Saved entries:

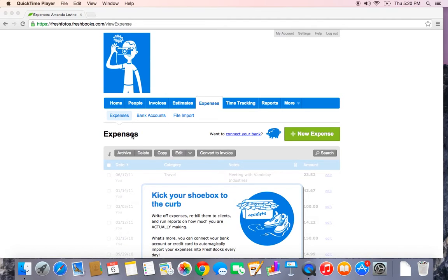Here in the expenses tab you can track all of your expenses. You can keep them nice and categorized so when it comes time to file your taxes, rather than a shoebox of receipts, you have a nice organized list of expenses and can generate a beautiful expense report.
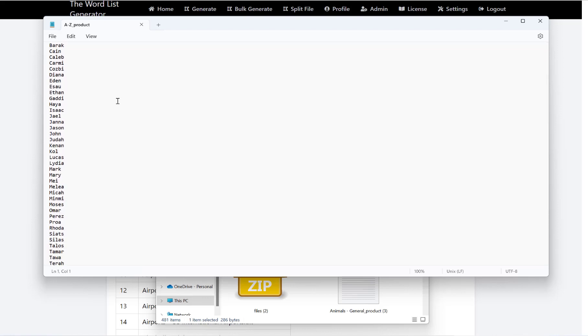I hope this quick introduction video to the bulk generate feature of the word list generator helps you. Thank you for watching.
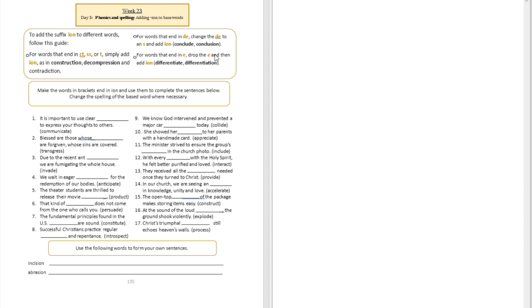For words that end in D-E, change the D-E to S and then add I-O-N. For example, if you have the word conclude, you can change that to conclusion. You're going to drop the D and E and add S-I-O-N.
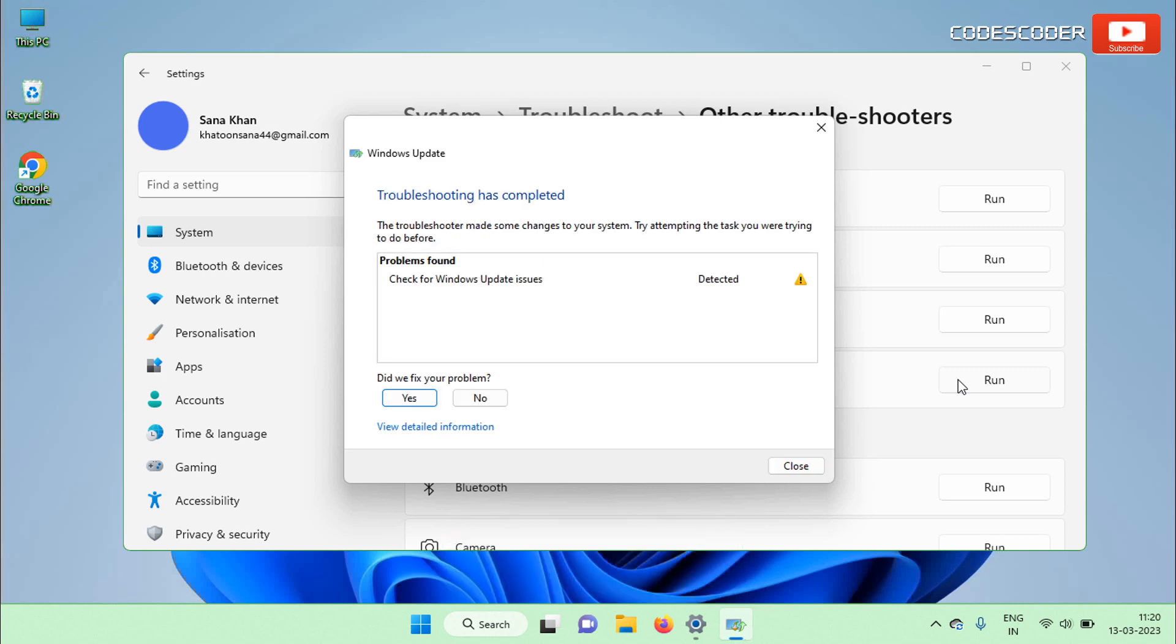If you find any Windows Update related issue, then you have to rectify it. Otherwise, click on Close button.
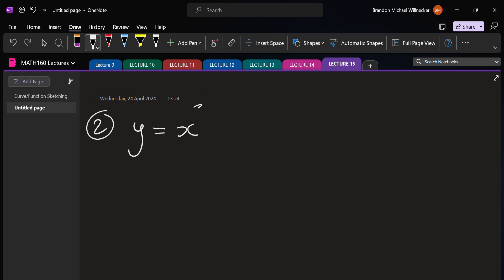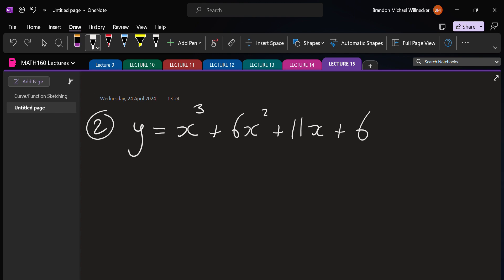Let's look at example two, now with a cubic: y = x³ + 6x² + 11x + 6. We've got this cubic and we want to sketch it. We follow the same steps as before: x-intercept, y-intercept, turning points, intervals of increase and decrease, possibly inflection points. For the x-intercepts we let y be zero and factor the cubic. For a cubic it's a bit more difficult to factor — I'm going to show you one method, but if you know others that's perfectly fine.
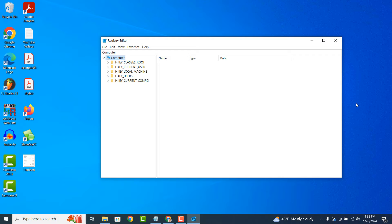The Registry stores a wide range of settings and configuration data, including system settings, device drivers, user preferences, application settings and more. This information is used by Windows and applications to customize behavior and functionality.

* _Aim of the exercise_
Each line above is to be copied verbatim. Drop any image from the copy.

* _Result of the exercise_
Here in the expenses tab you can track all of your expenses. You can keep them nice and categorized so when it comes time to file your taxes, rather than a shoebox of receipts, you have a nice organized list of expenses and can generate a beautiful expense report.
I hope this quick introduction video to the bulk generate feature of the word list generator helps you. Thank you for watching.
For words that end in D-E, change the D-E to S and then add I-O-N. For example, if you have the word conclude, you can change that to conclusion. You're going to drop the D and E and add S-I-O-N.
If you find any Windows Update related issue, then you have to rectify it. Otherwise, click on Close button.
Let's look at example two, now with a cubic: y = x³ + 6x² + 11x + 6. We've got this cubic and we want to sketch it. We follow the same steps as before: x-intercept, y-intercept, turning points, intervals of increase and decrease, possibly inflection points. For the x-intercepts we let y be zero and factor the cubic. For a cubic it's a bit more difficult to factor — I'm going to show you one method, but if you know others that's perfectly fine.
The Registry stores a wide range of settings and configuration data, including system settings, device drivers, user preferences, application settings and more. This information is used by Windows and applications to customize behavior and functionality.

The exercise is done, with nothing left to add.